Data provided:
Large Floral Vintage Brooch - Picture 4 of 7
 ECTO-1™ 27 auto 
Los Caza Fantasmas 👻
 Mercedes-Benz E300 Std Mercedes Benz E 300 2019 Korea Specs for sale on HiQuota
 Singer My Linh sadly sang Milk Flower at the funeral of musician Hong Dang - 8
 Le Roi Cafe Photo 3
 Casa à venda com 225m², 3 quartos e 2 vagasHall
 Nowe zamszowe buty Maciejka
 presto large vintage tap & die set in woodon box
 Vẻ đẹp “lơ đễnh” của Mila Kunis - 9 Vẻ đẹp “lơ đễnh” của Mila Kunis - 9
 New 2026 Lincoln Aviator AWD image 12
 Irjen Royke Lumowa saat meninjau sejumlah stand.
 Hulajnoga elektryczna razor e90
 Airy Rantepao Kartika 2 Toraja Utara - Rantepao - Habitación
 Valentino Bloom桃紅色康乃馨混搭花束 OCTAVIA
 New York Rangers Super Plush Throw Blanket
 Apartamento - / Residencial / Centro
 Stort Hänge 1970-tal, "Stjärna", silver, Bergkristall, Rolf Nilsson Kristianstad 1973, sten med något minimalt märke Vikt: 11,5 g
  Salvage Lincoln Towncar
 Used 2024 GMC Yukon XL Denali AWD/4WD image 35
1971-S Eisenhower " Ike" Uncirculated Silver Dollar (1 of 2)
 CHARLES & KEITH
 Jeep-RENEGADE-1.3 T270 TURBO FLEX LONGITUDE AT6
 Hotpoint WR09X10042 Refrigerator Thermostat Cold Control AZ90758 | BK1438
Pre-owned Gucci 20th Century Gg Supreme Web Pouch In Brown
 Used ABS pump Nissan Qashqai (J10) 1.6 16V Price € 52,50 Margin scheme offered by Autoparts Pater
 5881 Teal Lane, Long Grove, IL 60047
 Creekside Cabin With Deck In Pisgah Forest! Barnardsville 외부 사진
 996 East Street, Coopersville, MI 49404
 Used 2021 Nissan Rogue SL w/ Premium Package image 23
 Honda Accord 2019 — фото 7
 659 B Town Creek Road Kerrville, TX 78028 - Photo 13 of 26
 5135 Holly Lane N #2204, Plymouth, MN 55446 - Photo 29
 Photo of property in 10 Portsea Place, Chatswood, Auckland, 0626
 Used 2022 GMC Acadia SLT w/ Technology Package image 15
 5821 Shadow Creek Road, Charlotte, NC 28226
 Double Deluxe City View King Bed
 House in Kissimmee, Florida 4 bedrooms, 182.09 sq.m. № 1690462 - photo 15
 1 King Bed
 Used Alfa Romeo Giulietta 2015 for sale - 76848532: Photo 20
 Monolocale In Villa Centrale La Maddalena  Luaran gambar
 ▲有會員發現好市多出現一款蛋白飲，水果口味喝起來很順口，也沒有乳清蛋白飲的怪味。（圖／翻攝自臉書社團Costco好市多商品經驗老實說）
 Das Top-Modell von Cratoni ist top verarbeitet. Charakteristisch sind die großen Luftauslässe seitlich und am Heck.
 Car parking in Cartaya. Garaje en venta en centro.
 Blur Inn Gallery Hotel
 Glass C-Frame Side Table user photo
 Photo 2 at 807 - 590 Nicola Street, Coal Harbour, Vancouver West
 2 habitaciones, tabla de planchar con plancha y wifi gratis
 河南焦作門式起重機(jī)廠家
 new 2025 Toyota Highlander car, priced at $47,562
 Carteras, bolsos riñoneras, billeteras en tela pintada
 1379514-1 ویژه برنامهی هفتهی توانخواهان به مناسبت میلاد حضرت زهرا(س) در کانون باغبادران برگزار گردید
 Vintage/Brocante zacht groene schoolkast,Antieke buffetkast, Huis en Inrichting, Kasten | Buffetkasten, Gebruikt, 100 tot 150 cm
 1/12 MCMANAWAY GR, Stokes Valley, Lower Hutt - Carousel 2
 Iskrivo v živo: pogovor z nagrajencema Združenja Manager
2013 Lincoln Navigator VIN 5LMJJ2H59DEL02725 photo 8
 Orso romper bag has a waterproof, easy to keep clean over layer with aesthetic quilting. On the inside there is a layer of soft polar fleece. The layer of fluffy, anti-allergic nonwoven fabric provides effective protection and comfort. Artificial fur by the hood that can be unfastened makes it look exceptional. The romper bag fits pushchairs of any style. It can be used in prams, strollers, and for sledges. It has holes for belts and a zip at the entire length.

Exercise instructions: Search the records for the string "Street" and report each line that has it.

Worked solution:
 996 East Street, Coopersville, MI 49404
 Photo 2 at 807 - 590 Nicola Street, Coal Harbour, Vancouver West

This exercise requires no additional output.